For the next few decades, the Bahmani Sultanate of the Deccan
fought with the Musunuri Nayakas on the north and the Vijayanagara Rayas on the south to take control of the region. By the middle of the 15th century, the region was under the firm control of the Bahmani Sultanate. In 1463, Sultan Mohammad Shah Bahmani dispatched Sultan Quli Qutb-ul-Mulk to the Telangana region to create disturbances. Sultan Quli quelled the disturbance and was rewarded with the post of administrator of the region. He established a base at Kakatiya hill fortress of Golconda which he strengthened and expanded considerably. By the end of the century, Quli ruled from Golconda as the Subedar of Telangana and enjoyed virtual independence from Bidar, where the Bahmani sultanate was then based. In 1518, he declared independence from the Bahmani Sultanate and established the Golconda Sultanate under the title Sultan Quli Qutub Shah. This was the beginning of Qutb Shahi Dynasty.
The early history of Hyderabad is associated with the Qutb Shahi Dynasty. All seven Qutb Shahi sultans were fond of learning and were great builders. They contributed to the growth and development of Indo-Persian and Indo-Islamic literature and culture in Hyderabad. They had also created a very good atmosphere for the development of Telugu literature. By the middle of 17th century, Hyderabad saw some shift in power. It went in the hands of Mughal emperor who ruled for four decades. In the subsequent periods, Hyderabad came under the control of Nizams. Hyderabad was a princely state under the Nizams, and was the largest known princely state in India with an area larger than England.

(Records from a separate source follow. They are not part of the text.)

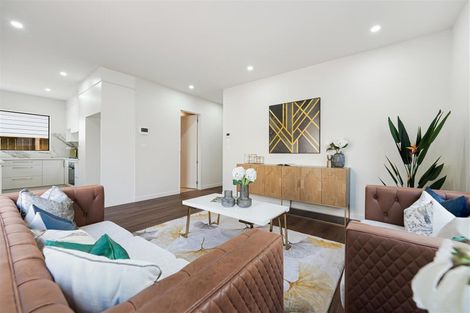 Photo of property in 17 Whakairo Crescent, Gulf Harbour, 0930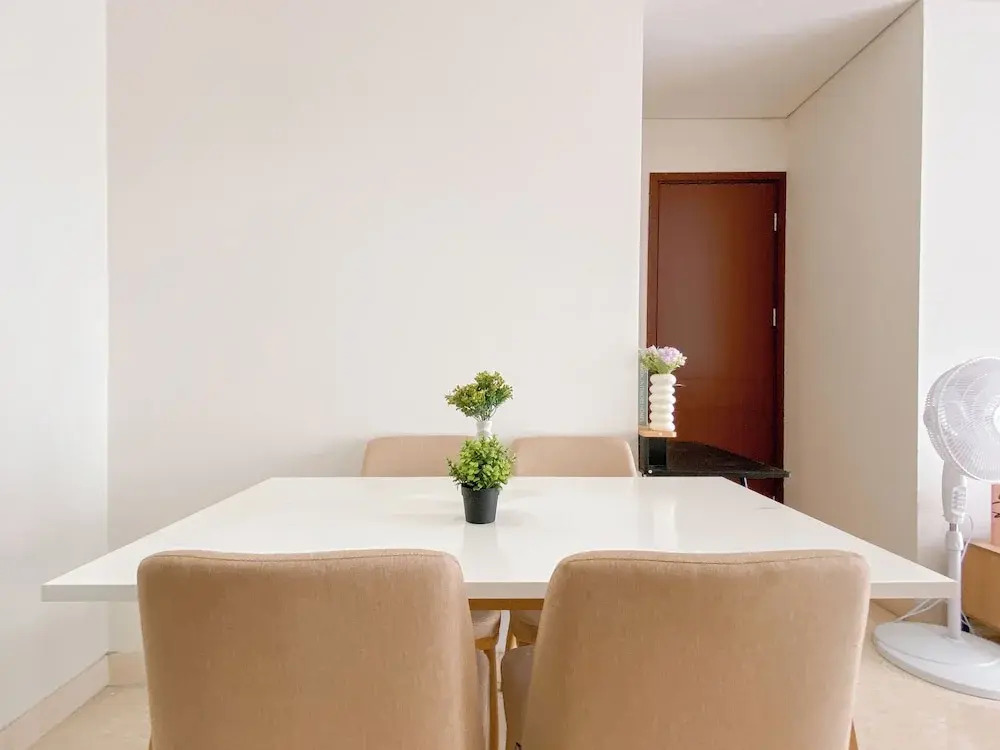 2Br Apartment Near Jakarta Kota Station At Lucky Tower Residence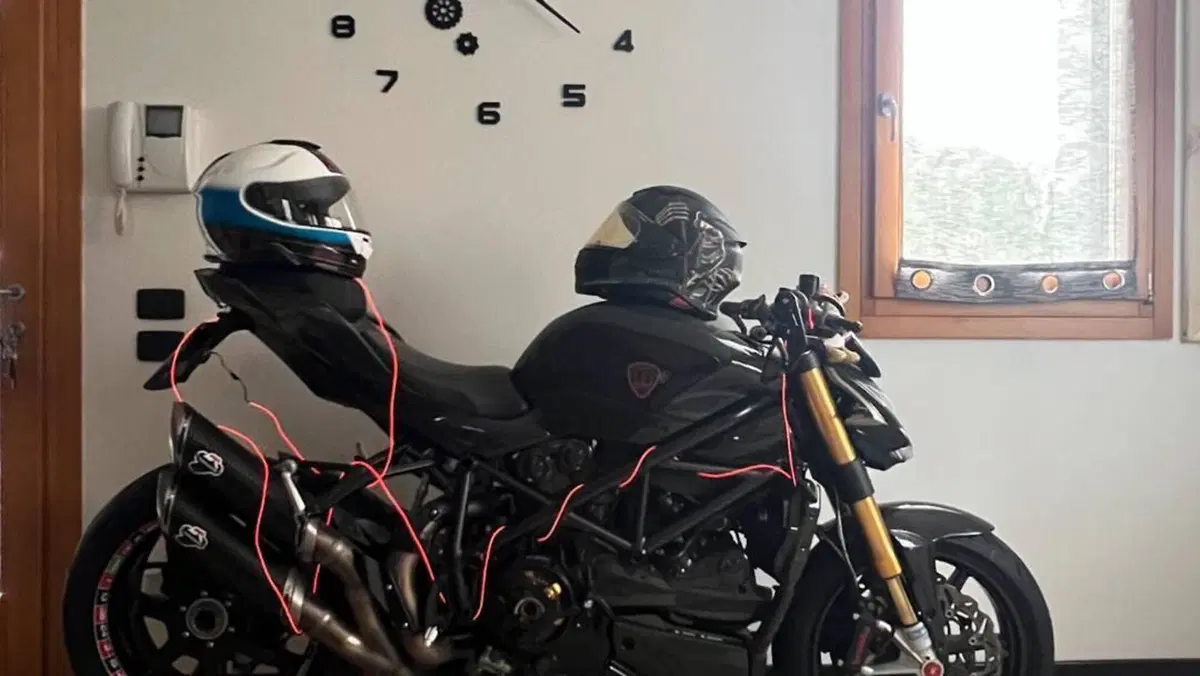 Ducati Streetfighter S (2009 - 14)  (7)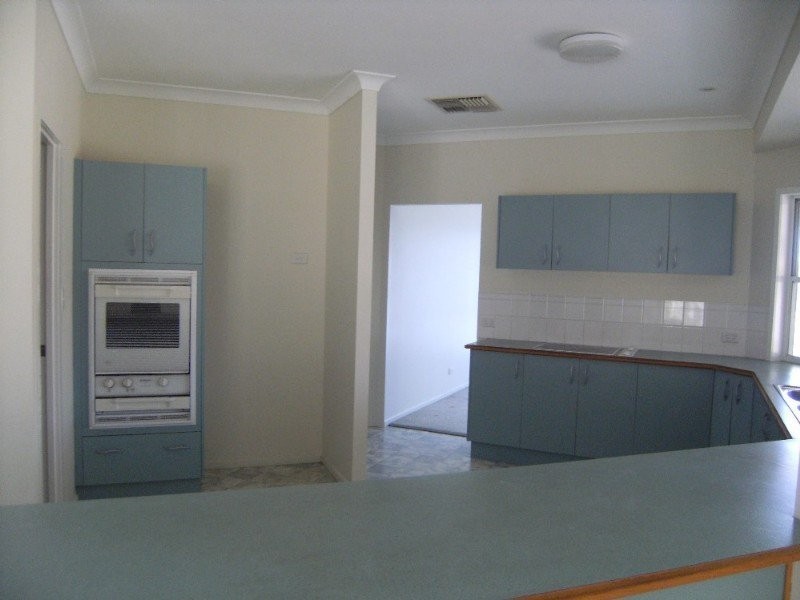 70 Fons Drive, Glendale QLD 4711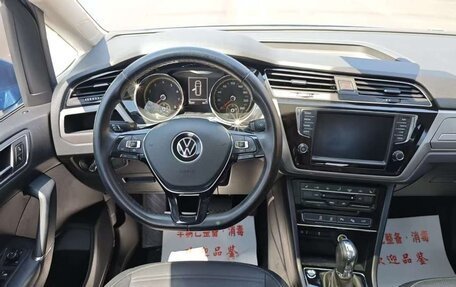 Volkswagen Touran III, 2022 год, 1 655 123 рублей, 9 фотография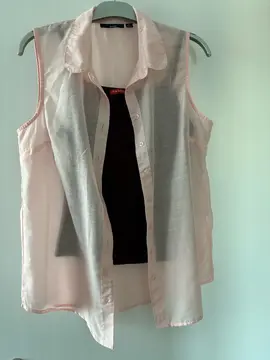 chemisier sans manches et caraco
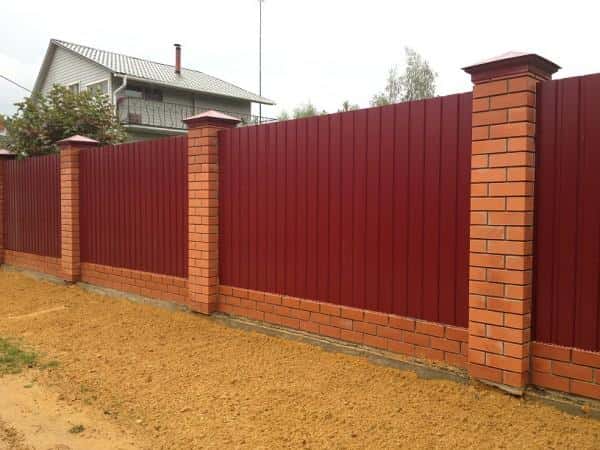 забор для коттеджа из профлиста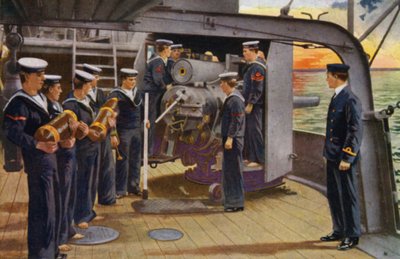 Royal Naval Barracks, Chatham: Mit der Flotte, Geschützmannschaft übt an einer 6-Zoll-Kanone von English School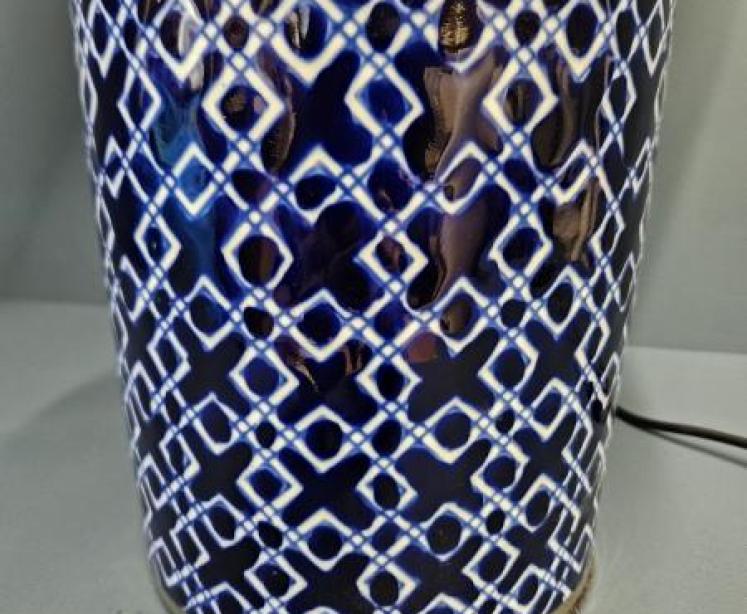 Blue and White Gilt Edge Lamp and Shade  - Image 4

After India’s independence in 1947, the Nizam declared his intention to remain independent, either as a sovereign ruler or by acquiring Dominion status within the British Empire. But due to Sardar Patel’s involvement in the matter, the state was integrated into the Indian union in 1948. Till 1956 Hyderabad continued as a separate state within the union. On November 1, 1956, the states of India were reorganized on linguistic grounds and the map of India got a new shape. Consequently, the territories of the State of Hyderabad were divided between newly created Andhra Pradesh, Bombay state (later Maharashtra), and Karnataka. Hyderabad and the surrounding areas were added to Andhra Pradesh based on Telugu linguistic majority, and Hyderabad was declared the capital of the state of Andhra Pradesh.